11. The system according to claim 10, wherein the object of interest extraction module comprises:

a parameter generating submodule, configured to generate the attention degree parameter according to the position of point obtained in the coarse positioning process;

a feature statistic submodule, configured to perform statistics on a representative feature of a pixel point in an area which is relevant to the attention degree parameter in the video frame according to the attention degree parameter;

a foreground identifying submodule, configured to classify all pixel points on the video frame according to their representative features and similarity of each statistical type, and after each pixel point is classified, take a video area with highest attention degree as the foreground area; and

an object extraction submodule, configured to extract objects of interest from the foreground area by using a convex hull algorithm.
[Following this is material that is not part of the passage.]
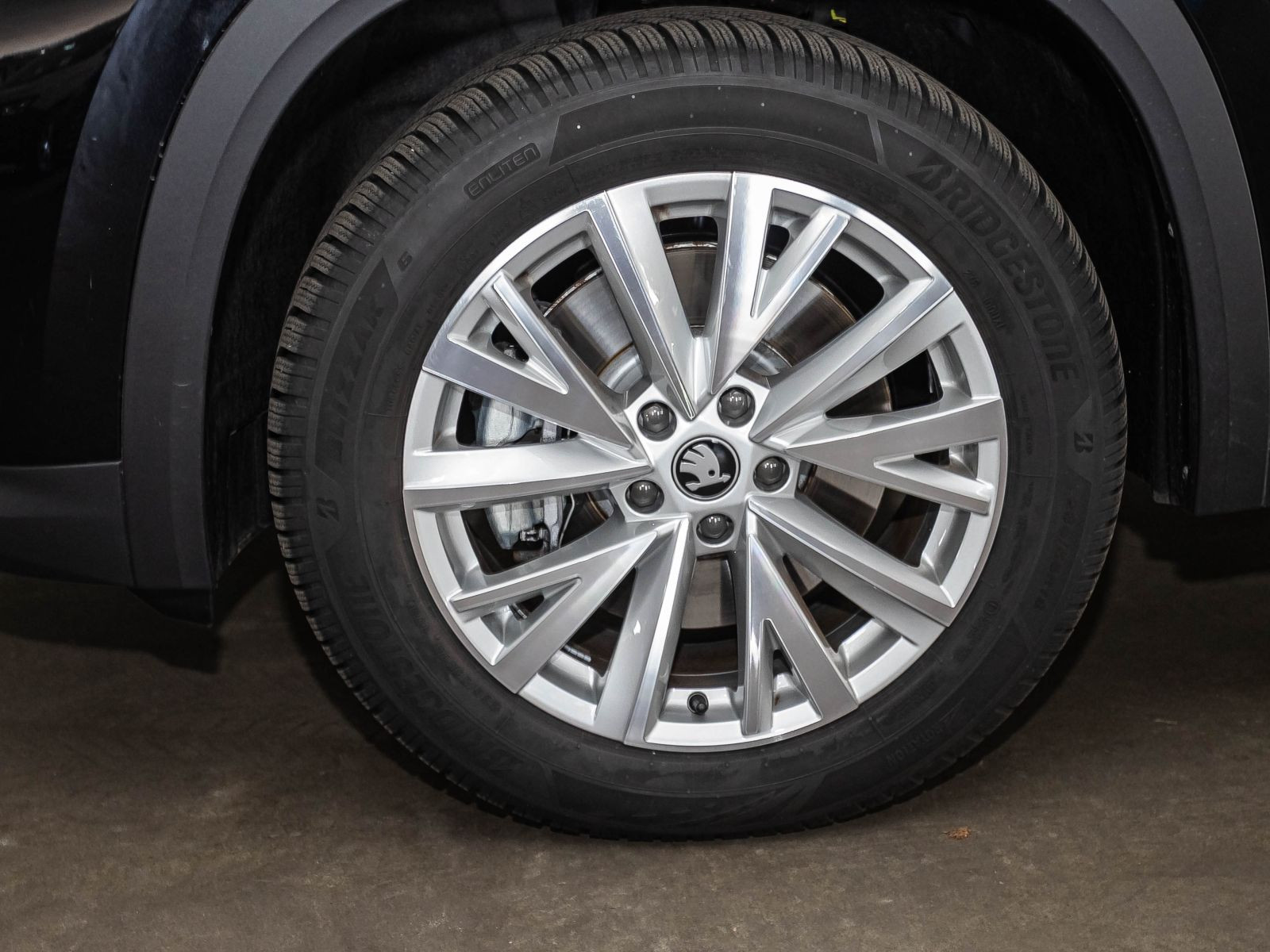 Skoda Kodiaq Selection 2,0 TDI DSG 4x4 ACC LED HuD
12. The system according to claim 10, wherein the value-added information searching module comprises the following submodules:

a feature extraction submodule, configured to extract a visual feature to be matched of the optimal candidate object of interest;

a feature communication submodule, configured to pass a searching feature between a server end and a client end;

an image matching submodule, configured to search the image feature base, calculate similarity of each visual feature, and select an image with highest similarity as the optimal image;

a result obtaining submodule, configured to match out the value-added information which corresponds to the optimal image in the value-added information base; and

a value-added information communication submodule, configured to pass the value-added information between the server end and the client end.